(Sanniopress) – Domenico Ventucci è vivo e fuori pericolo, ma chi lo ha accoltellato voleva ucciderlo. Per il modo in cui lo ha colpito e per il coltellaccio da cucina che ha usato, la mano di Antonio Salvo Rossi voleva uccidere o avrebbe potuto uccidere. Gli inquirenti accerteranno meglio i fatti e la loro dinamica. Ma un fatto è chiaro: un’aggressione così violenta e premeditata – è difficile credere che sia normale andare a spasso con un coltello da macellaio – non ha precedenti. Nella nostra provincia ci sono stati omicidi politici. Io, ad esempio – ne accennavo proprio qualche giorno fa -, ricordo bene quando nel 1985 fu assassinato il vicesindaco della mia Sant’Agata dei Goti: vi erano in ballo i soldi della 219, l’assassinio di Angelo Biscardi fece paura a tutti, soprattutto agli amministratori, fu sciolto il consiglio comunale. Ma un conto è l’omicidio di un politico e di un amministratore legato al crimine e alla malavita (l’omicidio, non il politico) e altra cosa è il coltellaccio infilato nella pancia del povero sindaco di Ponte. Il comandante dei carabinieri, Antonio Carideo, fin da subito ha voluto chiarire i termini della violenta aggressione assassina ma fortunatamente non fatale: “Un gesto molto grave, ma che va ascritto allo stato di sconforto e di rabbia di un singolo, mosso da risentimento nei confronti del sindaco del Comune per cui lavorava”. Insomma, un episodio, non un’azione ripetibile. Il gesto di un folle o lo scatto dettato dalla follia del momento e non l’azione intimidatoria di un’organizzazione criminale.
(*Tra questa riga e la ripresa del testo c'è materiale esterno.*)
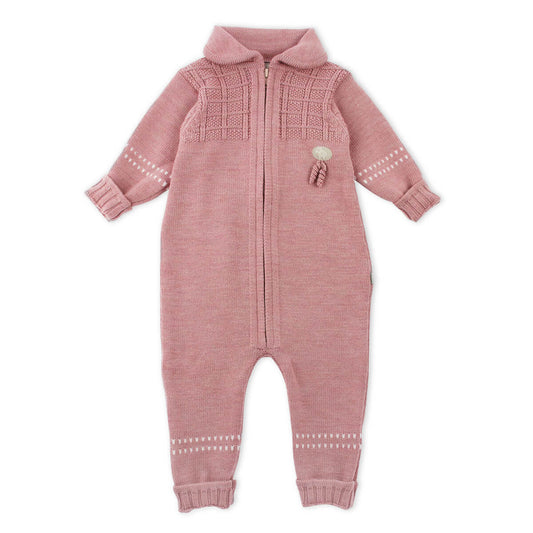 Rosa sparkedress i 100% merinoull fra Lillelam med glidelås og brettkanter.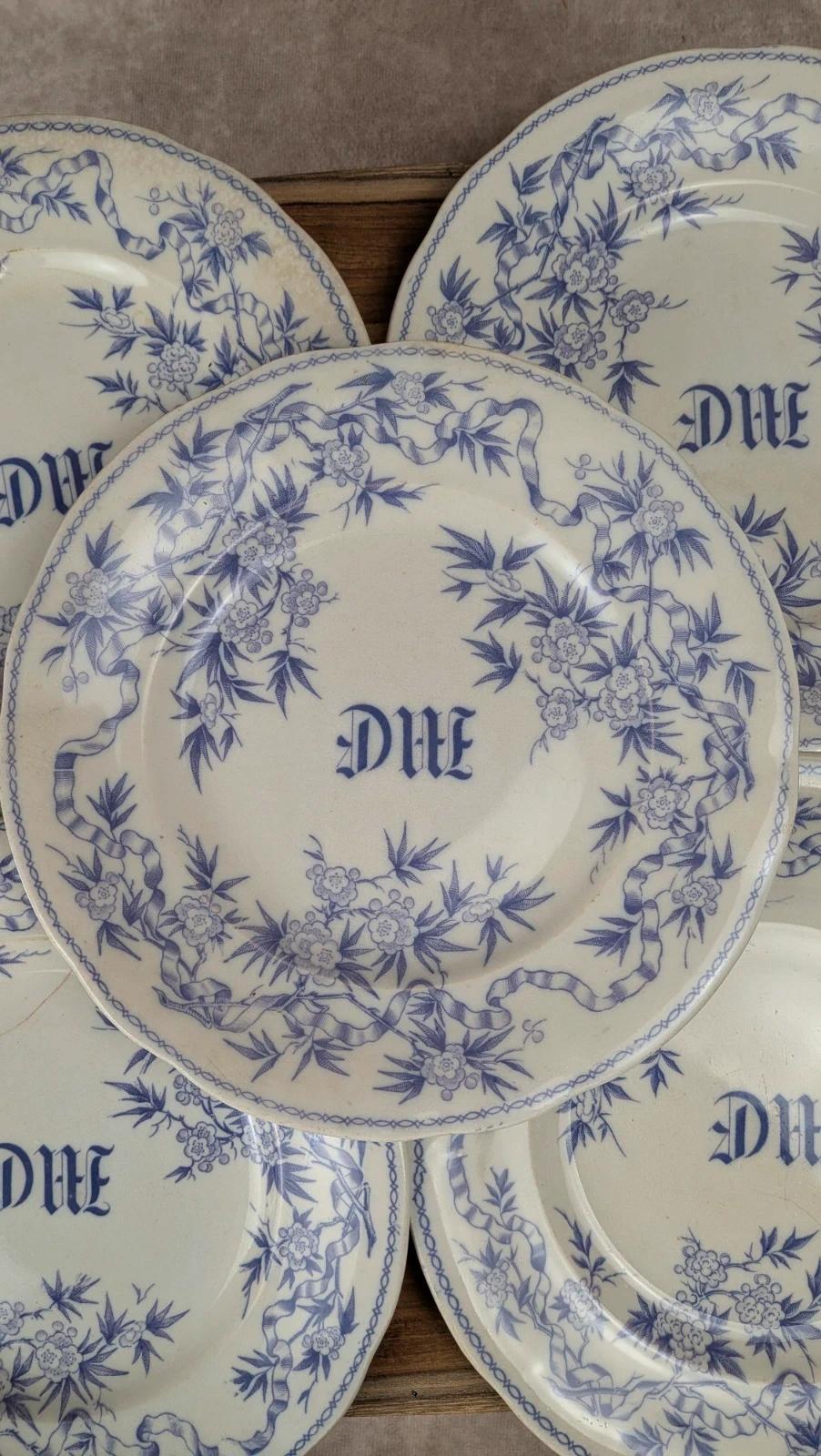 Lot de 6 assiettes plates Sarreguemines – modèle Épine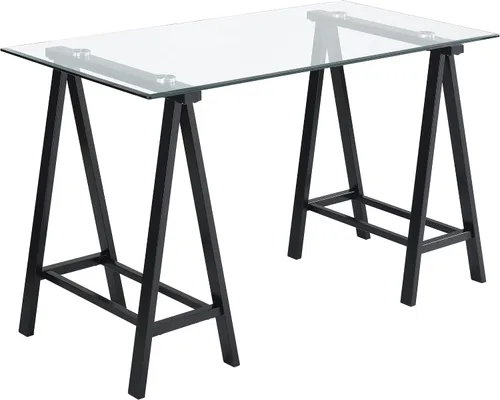 OSP Home Furnishings Middleton Escritorio de 47 pulgadas con parte superior de vidrio biselado transparente, base negra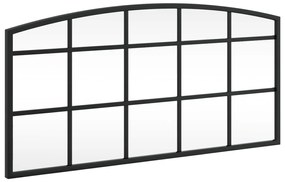 fekete ívelt vas fali tükör 60 x 30 cm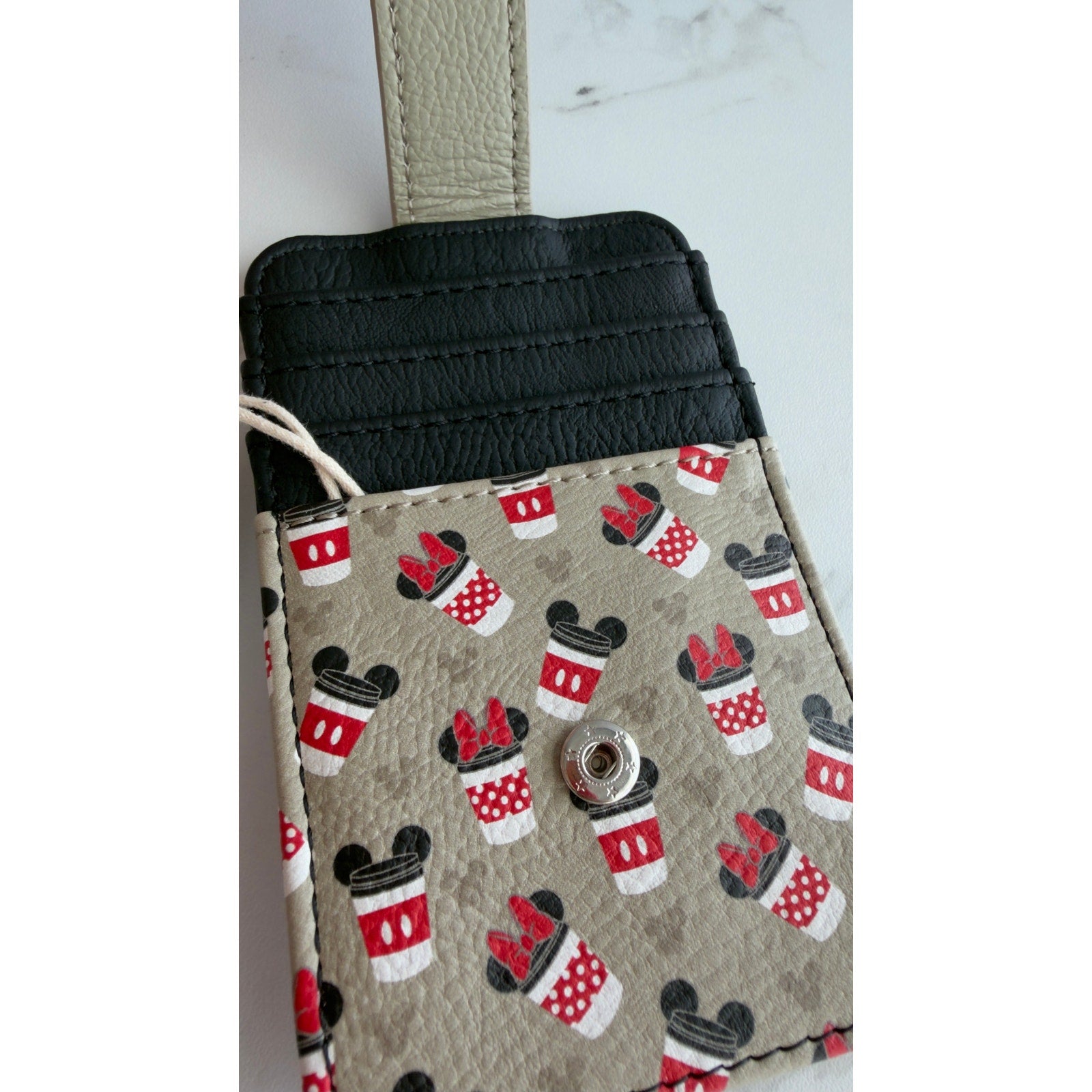 Disney Parks Mickey and Minnie Coffee Cup Card Wallet Faux Leather NEW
Eppure, non tutto si lascia ricondurre allo sconforto e al risentimento del dipendente comunale. I politici e i rappresentanti delle istituzioni non hanno fatto mancare la loro vicinanza sia umana sia istituzionale e politica al sindaco di Ponte. Hanno fatto bene, ci mancherebbe. Nella loro solidarietà, però, c’è qualcosa di più. Traspare un sentimento di preoccupazione che, in verità, il presidente Aniello Cimitile ha manifestato a chiare lettere (e credo abbia fatto bene): “Quanto successo è molto grave perché è il segnale che la drammatica crisi economica e sociale che travaglia il nostro territorio può esplodere da un momento all’altro. Amministrare la cosa pubblica in un momento del genere – ha sottolineato Cimitile – è davvero difficile: purtroppo, agli attacchi degli ultimi mesi perpetrati, in tutta evidenza, dalla criminalità organizzata, si aggiunge ora il gesto isolato e inconsulto di una persona in condizioni di bisogno, che anche una persona del valore e della sensibilità del Ventucci non riesce a risolvere”. Amministrare la “cosa pubblica” è difficile ma, a maggior ragione – mi sento di aggiungere alle parole di Cimitile -, è necessario amministrare con serietà. Uno stile sobrio, asciutto, concreto rende più affidabile l’interlocutore istituzionale in un momento in cui il bisogno aumenta e le risorse diminuiscono.
Il gesto insano del dipendente comunale a tempo determinato di Ponte, originario di Casoria e residente a Benevento, è e resterà senz’altro isolato, unico. Tuttavia, per le scale dei municipi quotidianamente salgono e scendono disoccupati, precari, stagionali che sperano di poter strappare un incarico, un impiego temporaneo, un lavoretto per portare a casa qualche soldo. C’è una situazione di disagio e di malessere sociale che i sindaci conoscono bene. L’aggressione di ieri mattina all’Asl di Benevento è isolata e trova la sua spiegazione nel singolo aggressore, ma la situazione sociale ed economica sannita è sconfortante. La disoccupazione è alta e aumenta anche a Benevento il fenomeno della rinuncia a cercare lavoro. Nessuno ha la ricetta giusta in tasca, ma la serietà in tempi difficili come questi è la bussola indispensabile per ogni amministratore. La chiarezza dei patti, il riferimento alla realtà, il rispetto della legge, il rigore dei conti: la serietà è molto meglio di una falsa speranza. Il sindaco di Ponte è noto per essere un amministratore serio, eppure si è imbattuto nell’imprevedibile irrazionalità di uno sciagurato (padre di cinque figli). Il pericolo estremo che ha corso sia da monito a tutti: la migliore risposta al malessere sociale è la serietà politica e amministrativa. Così ognuno potrà assumersi la responsabilità dell’azione e nessuno potrà farsi scudo con cattivi alibi sociali.